So, would this be a replacement for a taser or just more kit to pack along?


----------



## Lumber (19 Aug 2015)

This just seems like a terrible idea.


----------



## a_majoor (19 Aug 2015)

This is just a clever adaptation of the "shot trap" idea used in some rifle grenades to create a non lethal response, essentially giving an officer the ability to knock down someone without having to get the shotgun and load a beanbag or baton round.

Like everything else there are pros and cons, and you could come up with a lot of "what ifs?" to emphasise good or bad points, but in the end, I would suggest that it gives officers an option, and with good training and practice, they will be able to decide if this actually is an option or not.


----------



## Alberta Bound (19 Aug 2015)

First off this won't replace CEWs which can also be used in touch mode for certain scenarios or if needed you can "recyle" (re energize) your subject in probe mode and good contact. 
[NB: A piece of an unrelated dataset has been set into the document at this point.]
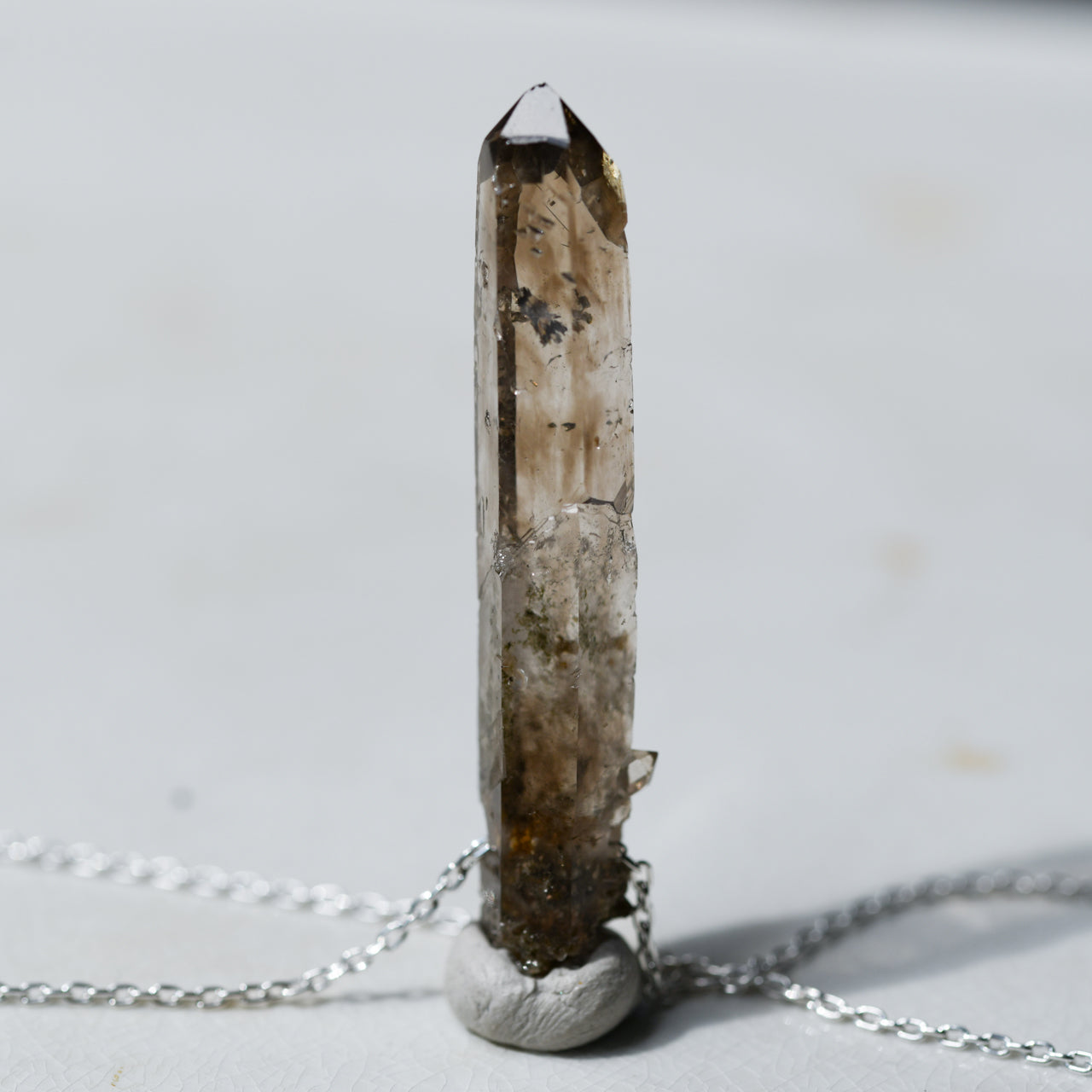 [One of a kind] Smoky Quartz Raw Stone Sterling Silver Necklace | Handmade Natural Stone Jewelry [Nightfall Collection]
This is a less lethal projectile. We already have less lethal projectile rounds (bean bag rounds) in dedicated launchers and also for shotguns. I personally don't feel this one has value. 

My reasons: you only use less lethal (of this style) in higher risk scenarios when you have multiple officer response and lethal over watch. In that case why not have a shotgun with less lethal projectiles ( more accurate and can be loaded with multiple projectile rounds - some can also be pepper balls). Then if needed you can transition to your pistol. This would be another piece of kit to carry and do you carry one? Two? More?  

For lesser force in a one officer scenario we have batons and OC and possibly CEW besides hard and soft hand. Would one officer unholster his pistol to attach this, use it and if unsuccessful reholster and transition to something else? or try again?

Plus more "tools" to decide on and use in stress scenarios adds to a lag in decision making and then add in gross motor function issues and I see nothing but issues. Or will some people advocate having this attached in advance to pistols to be removed if lethal force is required? 

As has been said, there is no double tap rule but we train to neutralize the threat and multiple shots is a common tactic especially with the increase in body armour and of course winter clothing. Even with no clothes a determined person (mental health, drugs, alcohol, etc) can take a lot of hits. 

Ferguson Police are to be trained. But if you look at the shooting there; would a single officer conducting a traffic stop who then gets in a physical altercation have the time, ability, safe opportunity to add this to his pistol. 

I see this as something that looks really good to people with little understanding of policing. It may have a place in the options but I see the opportunities for positive use as few and far between with the opportunities for public criticism rapidly increasing. 

My humble opinion


----------